As novas tecnologias permitem formas inovadoras de enfrentar os desafios coletivos, assim como acarretam alguns inconvenientes, como a dificuldade de gerar empregos, a propagação instantânea das fake news, a formação de ondas de opinião que mais repetem um sentimento ocasional do que expressam um compromisso com políticas a serem sustentadas em longo prazo. Elas dependem de instituições, partidos, Parlamentos e burocracias para serem efetivas.
As questões centrais da vida política não se resumem no mundo atual à luta entre esquerda e direita. No passado, o espectro político correspondia a situações de classe, interpretadas por ideologias claras, assumidas por partidos. Na sociedade contemporânea, com a facilidade de relacionamento e comunicação entre as pessoas, os valores e a palavra voltaram a ter peso para mobilizar politicamente. Isso abre brechas para um novo populismo e uma exacerbação do personalismo. O desafio está em recriar a democracia. O que chamo de um Centro Radical começa por uma mensagem que envolva os interesses e sentimentos das pessoas. E esta mensagem para ser contemporânea não deve estancar num palavreado “de direita”, nem “de esquerda”. Deve, a despeito das divergências de classe que persistem, buscar o interesse comum capaz de cimentar a sociedade. O país não se unirá com o ódio e a intransigência cultural existentes em alguns setores do futuro governo.
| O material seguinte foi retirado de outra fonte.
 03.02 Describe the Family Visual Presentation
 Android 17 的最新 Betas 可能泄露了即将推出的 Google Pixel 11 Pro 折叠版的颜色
Há espaço para propostas que juntem a modernidade ao realismo e, sem extremismos, abra um caminho para o que é novo na era atual. Este percurso deve incorporar a liberdade, especialmente a das pessoas participarem da deliberação dos assuntos públicos, e a igualdade de oportunidades que reduza a pobreza. E há de ver na solidariedade um valor. Só juntos poderemos mais.